Task prompt >> Pull out every line in the data that has the string "Wheel" in it.

Data under study >>
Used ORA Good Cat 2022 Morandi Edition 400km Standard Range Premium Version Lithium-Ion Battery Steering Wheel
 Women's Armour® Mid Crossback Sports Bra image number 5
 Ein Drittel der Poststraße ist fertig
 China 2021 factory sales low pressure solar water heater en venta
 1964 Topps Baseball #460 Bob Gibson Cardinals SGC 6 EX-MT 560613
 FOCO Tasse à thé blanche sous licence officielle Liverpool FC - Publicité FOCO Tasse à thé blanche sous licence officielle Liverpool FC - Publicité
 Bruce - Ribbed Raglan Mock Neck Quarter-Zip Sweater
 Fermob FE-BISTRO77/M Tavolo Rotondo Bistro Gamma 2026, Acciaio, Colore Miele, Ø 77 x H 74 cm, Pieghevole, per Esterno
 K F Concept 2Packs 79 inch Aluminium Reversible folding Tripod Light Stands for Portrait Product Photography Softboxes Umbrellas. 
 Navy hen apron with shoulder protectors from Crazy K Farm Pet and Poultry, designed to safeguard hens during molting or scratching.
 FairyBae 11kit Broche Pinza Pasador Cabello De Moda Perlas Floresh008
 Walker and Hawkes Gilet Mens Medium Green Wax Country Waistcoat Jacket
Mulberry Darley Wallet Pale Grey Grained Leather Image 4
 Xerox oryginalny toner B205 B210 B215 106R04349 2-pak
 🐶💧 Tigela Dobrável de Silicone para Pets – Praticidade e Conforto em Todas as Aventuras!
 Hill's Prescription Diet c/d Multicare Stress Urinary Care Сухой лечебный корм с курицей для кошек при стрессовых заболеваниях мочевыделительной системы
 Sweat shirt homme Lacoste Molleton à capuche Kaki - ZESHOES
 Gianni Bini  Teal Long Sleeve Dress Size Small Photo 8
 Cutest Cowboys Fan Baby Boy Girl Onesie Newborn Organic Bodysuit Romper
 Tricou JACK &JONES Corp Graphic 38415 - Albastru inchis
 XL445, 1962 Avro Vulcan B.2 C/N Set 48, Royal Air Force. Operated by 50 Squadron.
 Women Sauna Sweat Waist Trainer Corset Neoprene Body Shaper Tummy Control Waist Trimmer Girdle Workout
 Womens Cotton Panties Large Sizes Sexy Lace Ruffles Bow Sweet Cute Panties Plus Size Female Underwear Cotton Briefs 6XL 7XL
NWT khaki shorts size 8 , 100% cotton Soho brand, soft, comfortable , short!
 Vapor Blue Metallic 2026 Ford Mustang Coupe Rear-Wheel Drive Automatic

Solution for this exercise >>
Used ORA Good Cat 2022 Morandi Edition 400km Standard Range Premium Version Lithium-Ion Battery Steering Wheel
 Vapor Blue Metallic 2026 Ford Mustang Coupe Rear-Wheel Drive Automatic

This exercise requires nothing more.